20. Security Hardening Notes
Identified during pre-release security audit. All are specification clarifications, not structural flaws.
20.1 Root Task Privilege Attenuation
The root task holds capabilities for all physical memory at boot. After Stage 3 component mounting completes, the root task MUST drop all capabilities except its own task handle and the kernel witness log (read-only).

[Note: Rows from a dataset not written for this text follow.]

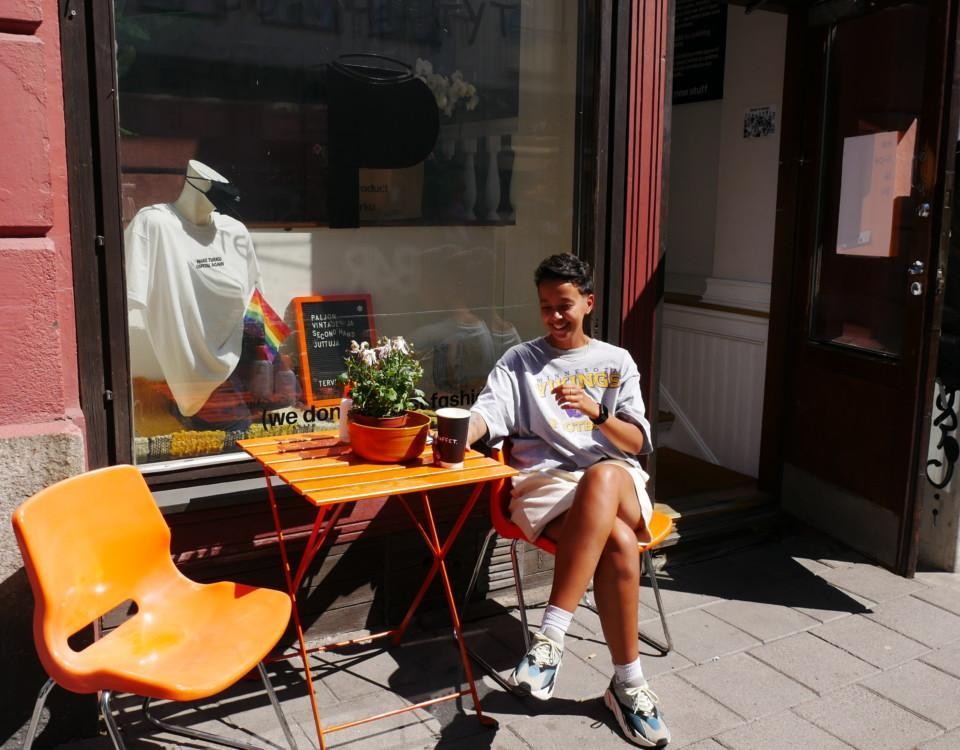 En ung kvinna sitter i solskenet utanför en second hand-affär.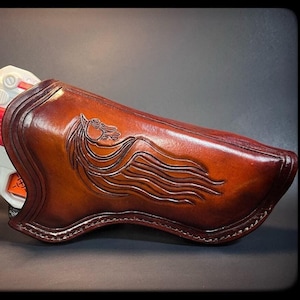 Op de afbeelding: Een bruine leren holster met een paardenkopontwerp. Een wit en rood speelgoedpistool zit in de holster.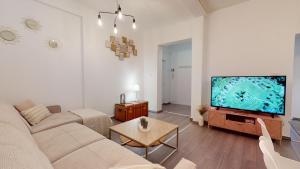 ein Wohnzimmer mit einem Sofa und einem Flachbild-TV in der Unterkunft Le Beau Bourg *** in Straßburg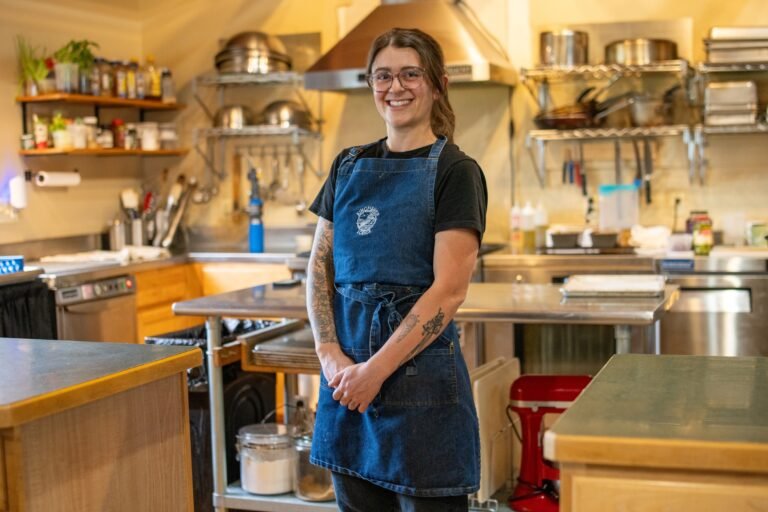 Kingfisher Lodge Chef, Hannah is standing in front of the kitchen.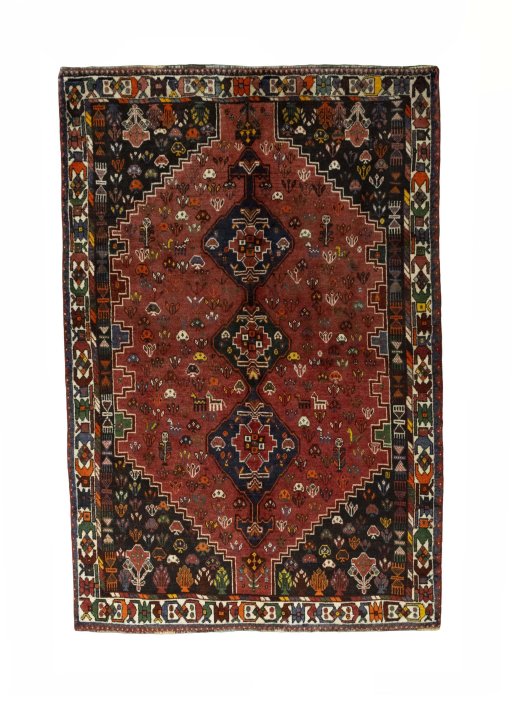 Full view of 1970s Shiraz rug from Iran / Persia, 256 × 172 cm in Red tones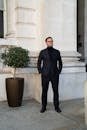 Confident man in a dark suit standing by a potted plant against a classic stone building facade.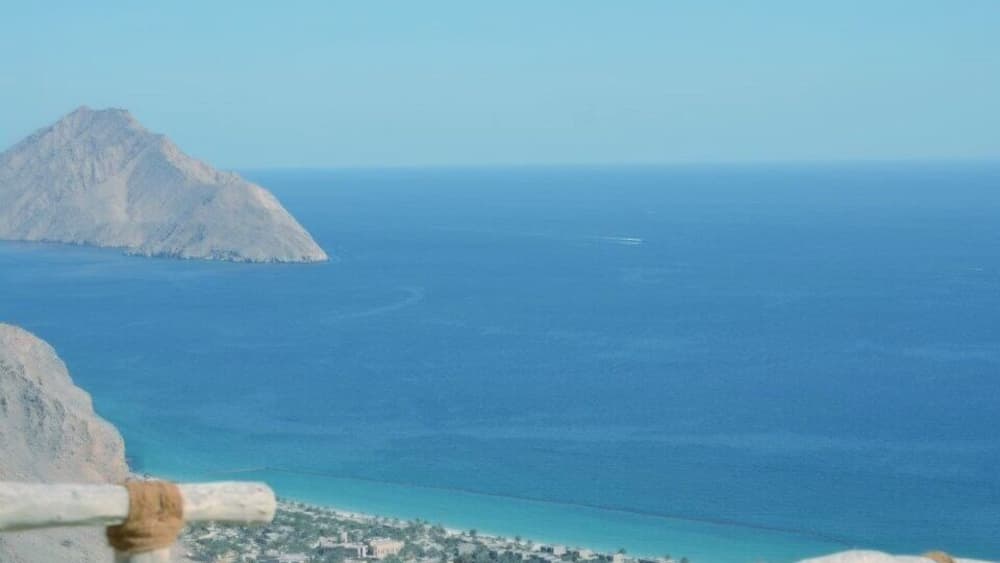 Un paysage côtier avec une montagne imposante et une petite ville au bord de la mer.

If the root task is implemented as a persistent init component, it retains only the minimum capability set declared in its RVF manifest. This prevents a compromised root task from owning the entire system post-boot.
20.2 Capability Delegation Depth Limit
cap_grant with GRANT right enables transitive delegation chains. To prevent unbounded delegation: maximum delegation depth is 8 (configurable per-RVF). A GRANT_ONCE right (non-transitive) is available for cases where a task should delegate access but not the ability to further delegate. The periodic capability audit (Section 14) flags delegation chains deeper than 4.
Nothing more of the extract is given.